ROME -- The Italian interior ministry vowed Sunday to press ahead with a new decree formalizing the closure of Italian ports to aid groups that rescue migrants, even after U.N. human rights investigators said it violated international law.
Ministry officials said the security decree was "necessary and urgent" and was expected to be approved at a Cabinet meeting Monday.
In a May 15 letter to Italy's government released Saturday, the U.N. High Commissioner for Human Rights urged Italy to withdraw the decree, calling it "yet another political attempt to criminalize search and rescue operations."
The decree "further intensifies the climate of hostility and xenophobia against migrants," said the letter, which was signed by several U.N. human rights rapporteurs.
It was issued as a ship carrying more than 40 migrants from the German aid group Sea-Watch remained off the island of Lampedusa waiting for a port to disembark its passengers. Sea-Watch said it had flouted Italy's ban and entered Italian territorial waters on Saturday for humanitarian reasons.
Interior Minister Matteo Salvini, a hard-line populist, proposed the decree before the European Parliament elections this week, where nationalist, anti-migrant parties are hoping to make strong gains. Salvini's League has soared in popularity in part because of his hard-line migration policy, which has involved boosting the Libyan coast guard's ability to rescue migrants and bring them back.
Among other provisions, the decree leaves it to the interior minister to limit or prohibit entry into Italian territorial waters any ships for public security reasons. It foresees fines of up to 5,500 euros ($6,145) for each migrant transported.
The U.N. letter says the measures would violate migrants' human rights, which are enshrined in U.N. conventions that Italy has signed. It said Italy is obliged to rescue migrants in distress and can't impede others from doing so. And it says that Libya can't be considered a safe port for migrants rescued at sea, particularly after the recent spike in fighting.
In a statement late Sunday, the Italian foreign ministry said the letter carried no juridical weight and suggested it was based on imprecise information. It noted that since Jan. 1, 2018, Italy has received eight such letters, whereas the U.S. has received 30, Britain 16 and France 12.
Interior ministry officials told journalists in a statement Sunday that Turkey and North Korea similarly punish border violations and that Italy has long had fines in its legal code, which have merely been updated.
"The hope is that the authoritative U.N. dedicates its energies to the humanitarian emergency in Venezuela rather than engage in electoral campaigning in Italy," they said.
Meanwhile, British and French authorities have stopped 61 migrants who tried to cross the English Channel in five small boats over the weekend.
The British Home Office said 52 migrants on four boats were intercepted Saturday and Sunday off the Kent Coast and handed to immigration officials. The migrants said they were from Iraq and Iran.

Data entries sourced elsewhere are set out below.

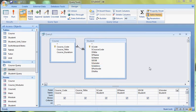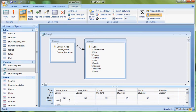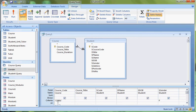We are going to search female students who are doing course code CC001. So in the criteria under Course Code, enter CC001, and under Gender, enter F. So the female students who are doing course code CC001.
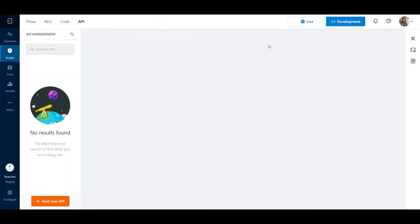Welcome to this module on API integration. In this video, we are going to check how to integrate an API into the Yellow AI platform.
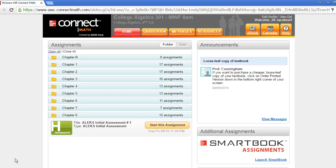Hi! In this video, we'll show you how to find your way around your Connect Math, hosted by Alex, account. When you first log in, you will see your home page where you can access everything you need for your course.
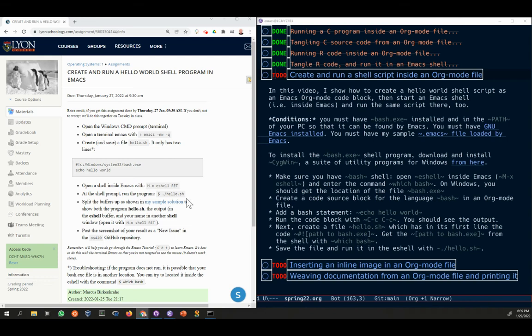This video shows how to create a hello world shell script as an Emacs org mode code block. Then I will start an Emacs shell inside Emacs and run the script there too. This was an assignment in the operating systems class. I slightly changed the description.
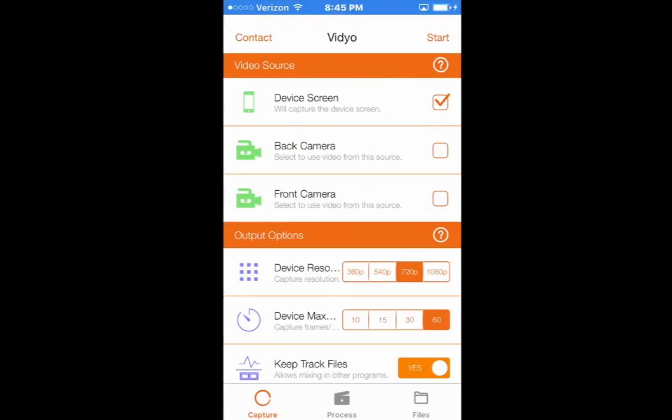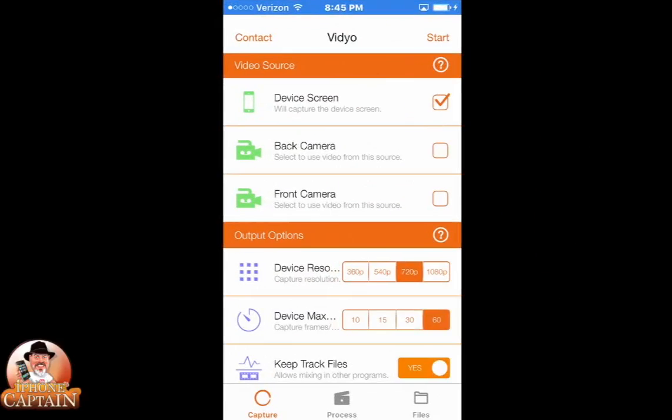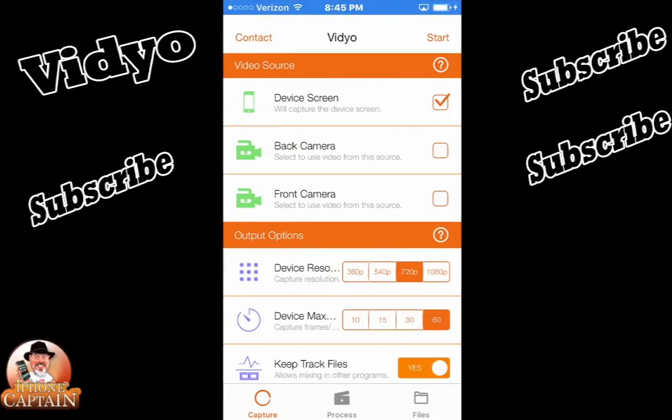Hey YouTube, it's Mitch at iPhoneCapture.com. I'm going to be showing you how you can record your screen using video. This is an awesome tweak. I'm calling it a tweak because it's not in the App Store.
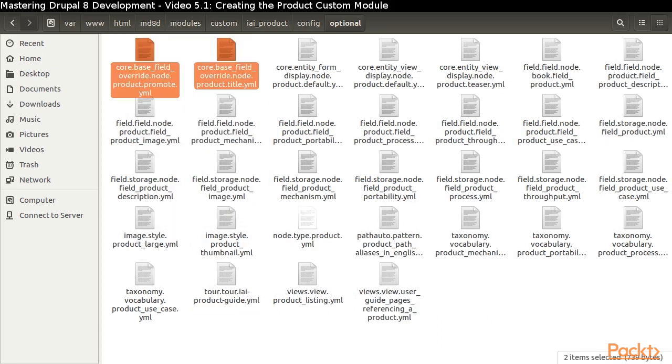We've got two base field overrides that reflect the choices we made for the promoted to front page option and the label we used to describe the title field.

The French maritime authority for the Channel and North Sea said a patrol ship spotted a boat carrying nine migrants Sunday off the coast of Cape of Gris-Nez. The nine were suffering light hypothermia and were handed over to border police in Calais.
Several of the migrants were children.
Illegal migrant crossings across the English Channel are on the rise in recent weeks despite joint British-French efforts to crack down on them.